Tapi mural bukan sekadar membentuk tembok-tembok yang tadinya terkesan membatasi menjadi ruang-ruang publik baru di perkotaan, sesuatu yang semakin sulit ditemukan dengan begitu banyaknya demand lahan untuk aktivitas keekonomian. Pesan sosial yang disampaikan dalam mural pun bisa mencapai salah satu tujuan ruang publik sebagaimana dikatakan Habermas, yakni untuk membentuk opini dan kehendak (opinion and will formation) yang mengandung kemungkinan generalisasi, mewakili kepentingan umum.
Singkatnya, mural memberikan makna pada tembok-tembok itu, sebuah lompatan nilai dari sesuatu yang awalnya tak berarti apapun selain “sampah” ruang menjadi sesuatu yang memiliki kehadirannya sendiri. Membuat kondisi urbanitas dapat disalurkan menjadi sebuah kepadatan yang tidak menyesakkan, kedekatan yang tidak mengimpit, kemudahan yang tidak memanjakan dan perhitungan akal yang makin memuliakan rasa.
Lalu muncullah pertanyaan dalam benak saya, jika benar bahwa seni bisa membuat kota menjadi bahagia, maka bisakah konsep seni ruang public seperti ini direplikasi dan bertahan di kota yang tanpa akar seni budaya sekuat Jogja?
Toh adalah Athena yang melahirkan Perikles, Socrates, Plato dan bukan sebaliknya. Mereka lahir karena ruang tempat mereka hidup memberikan kesempatan untuk itu. Maka demikian pula keyakinan saya bahwa apa yang dibutuhkan seni ruang publik, adalah sebuah wadah untuk tumbuh dan bukan semata bakat. Karena bakat tanpa motivasi, leadership, perencanaan dan eksekusi yang “nggenah” pun akan berakhir tanpa prestasi. Layaknya timnas sepakbola kita yang kalah melulu karena salah urus itu.
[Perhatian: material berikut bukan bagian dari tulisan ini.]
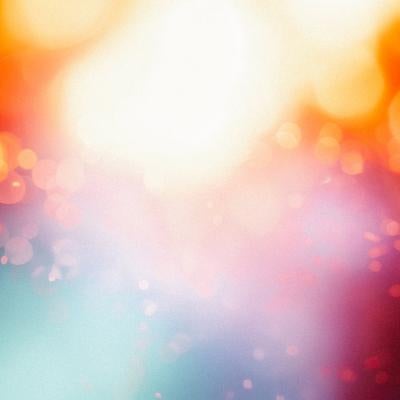 色とりどりのぼんやりとした光が輝くの写真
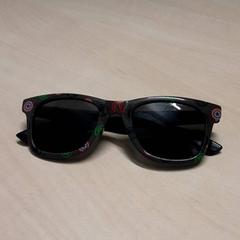 Gafas de sol, segundo informou Arriva Oost-Brabant usando iLost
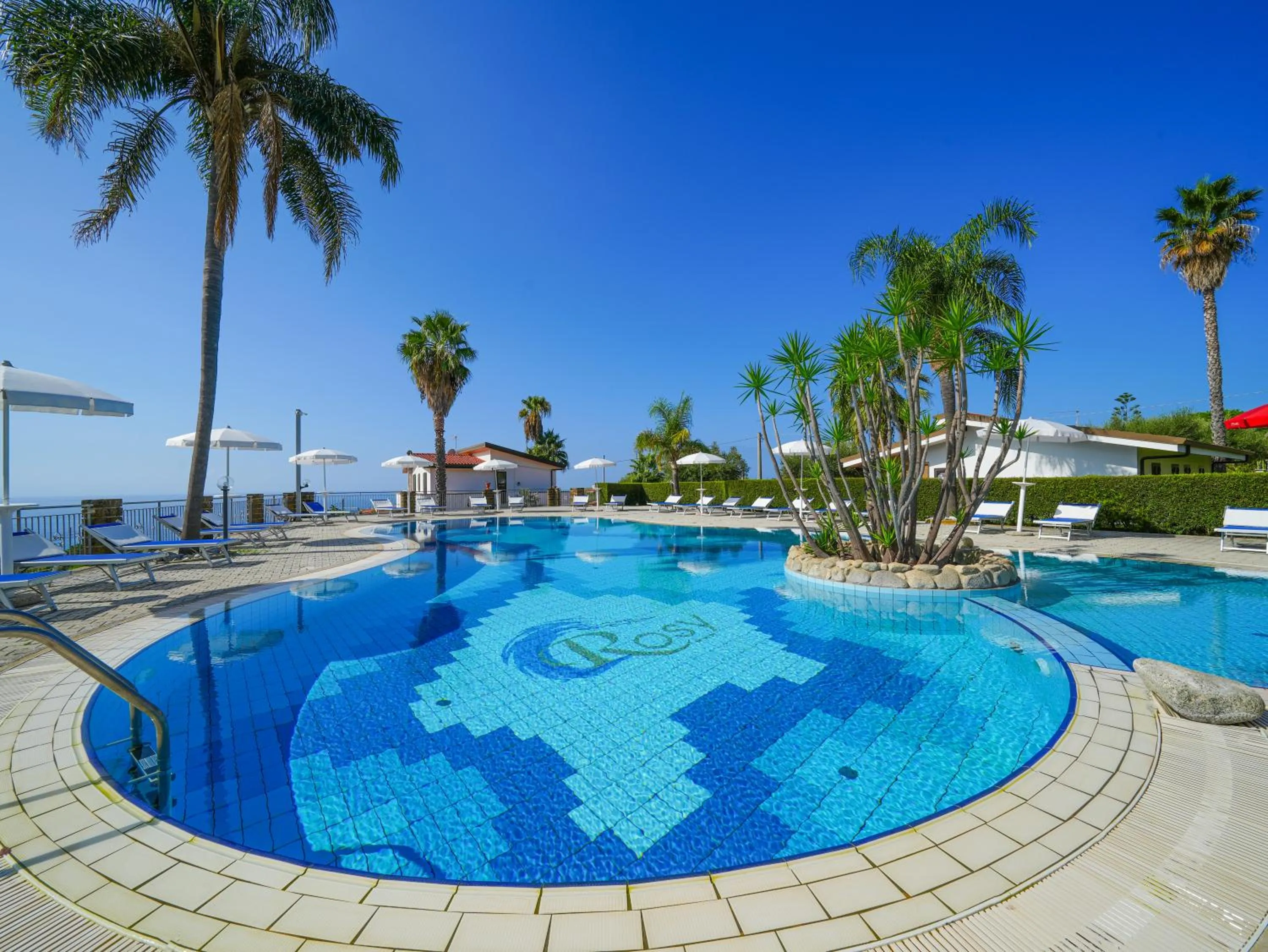 Pool view in Rosy Hotel Residence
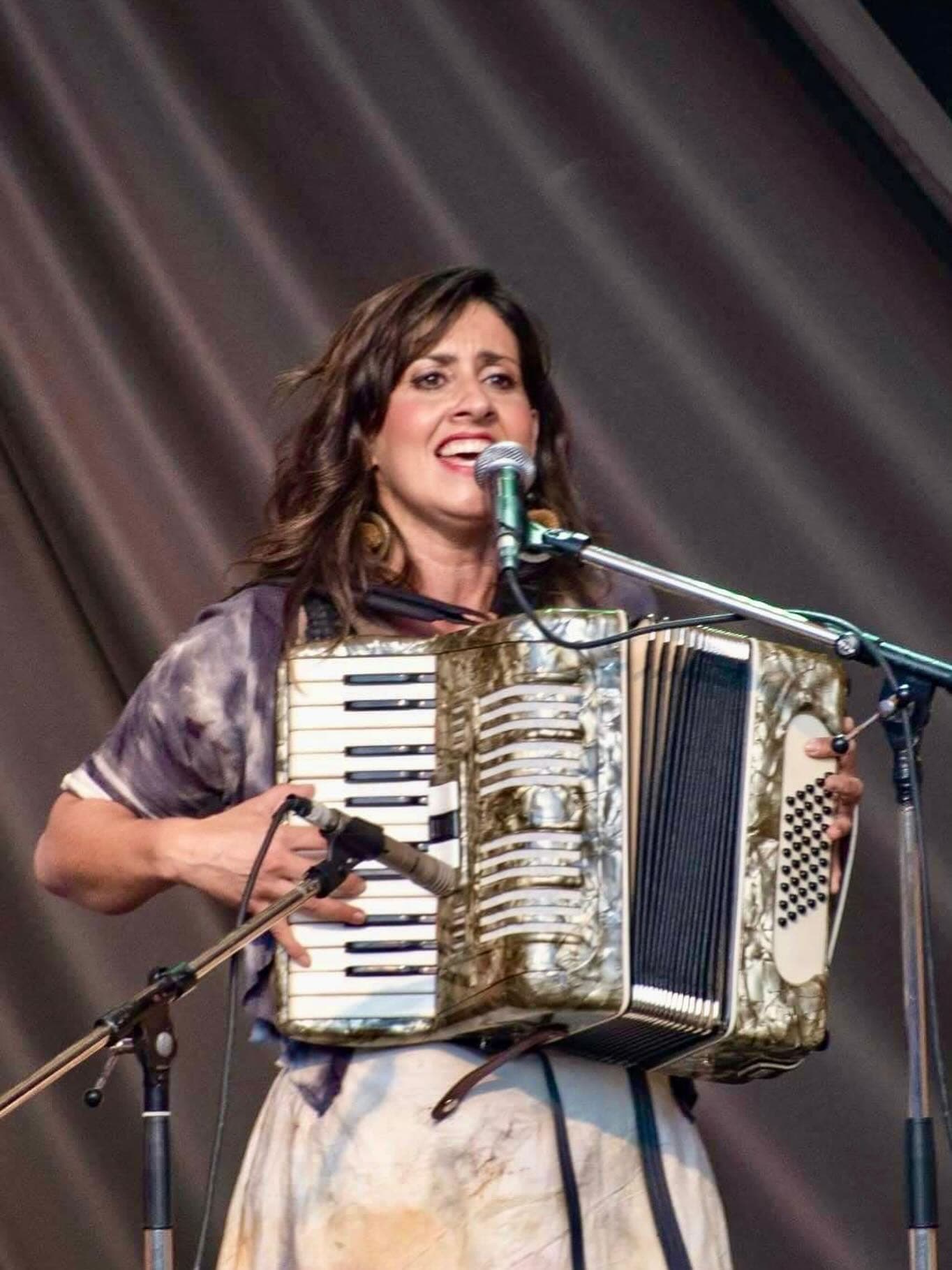 Brunella en escenario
Atau jangan-jangan bukan masalah bakat, tapi potensi kritik yang bisa muncul lewat seni itulah yang akan menjadi halangan besar (bagi pihak yang anti kena sindir) terhadap keinginan sederhana untuk mengubah beberapa “sampah” kota menjadi lebih bermakna dalam bentuk seni ruang publik di kota kita?